Bank lending levels still in decline


The credit crunch is continuing to affect households and businesses, according to new figures from the Central Bank.

Lending to households fell by €355 million during February following a decline of €691 million in January.

Developments in February were largely driven by a decline in loans for house purchase of €224 million, while loans for consumption and other purposes also decreased by €107 million and €23 million, respectively.

Loans to households were 4 per cent lower on a year-to-year basis, following a decline of 3.9 per cent for the year ending January 2012.

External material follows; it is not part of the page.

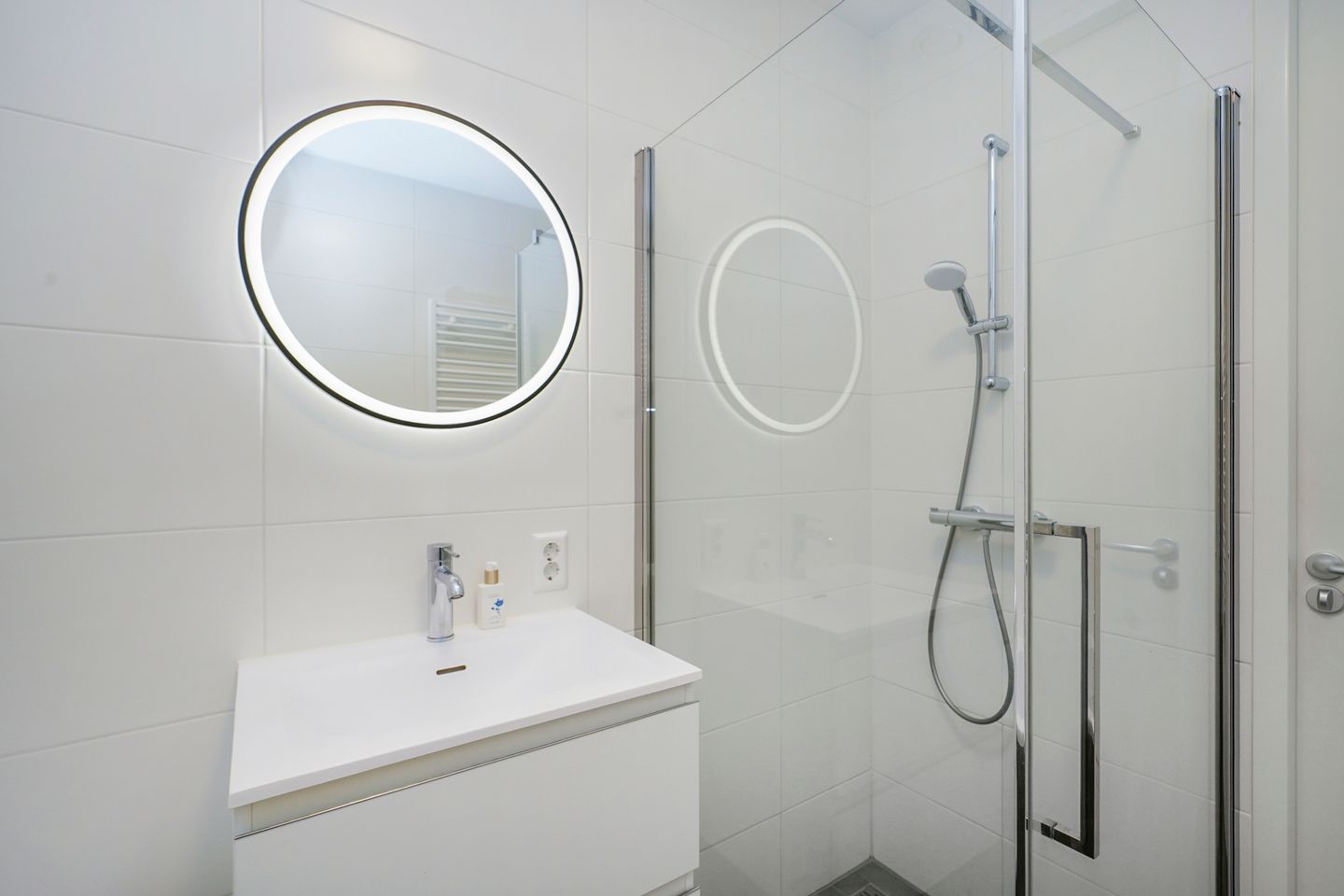 Foto 25 van Treilerdwarsweg 70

Lending for house purchases was 2.5 per cent lower on an annual basis in February, while lending for consumption and other purposes declined by 8.4 per cent over the same period.

For the three month period ending February 2012, loans to households fell by €370 million, of which €134 million was for house purchases and €172 million was for consumption purposes.

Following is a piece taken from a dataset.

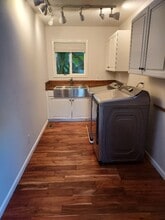 1357 Cathlamet Ct NW in Salem, OR - Foto de edificio - Building Photo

Loans to non-financial businesses declined by 2.3 per cent in the year ending February 29th, following an annual decline of 2.2 per cent in January. On a monthly basis, loans decreased by €167 million during February, following a €548 million decline in the preceding month.

Credit institutions’ holdings of debt and equity securities issued by the private sector decreased by €173 million during the month of February, an annual rate of change in these holdings of minus 6.5 per cent. This follows a decline of 6.9 per cent for the year ending January 31st, 2012.

Private-sector deposits were 6 per cent lower at the end of February on an annual basis while deposits from households were 2.2 per cent lower. Deposits from non-financial businesses declined by 8 per cent in the year to the end of February while deposits from insurance corporations, pension funds and other financial institutions fell by 11.3 per cent over the same period.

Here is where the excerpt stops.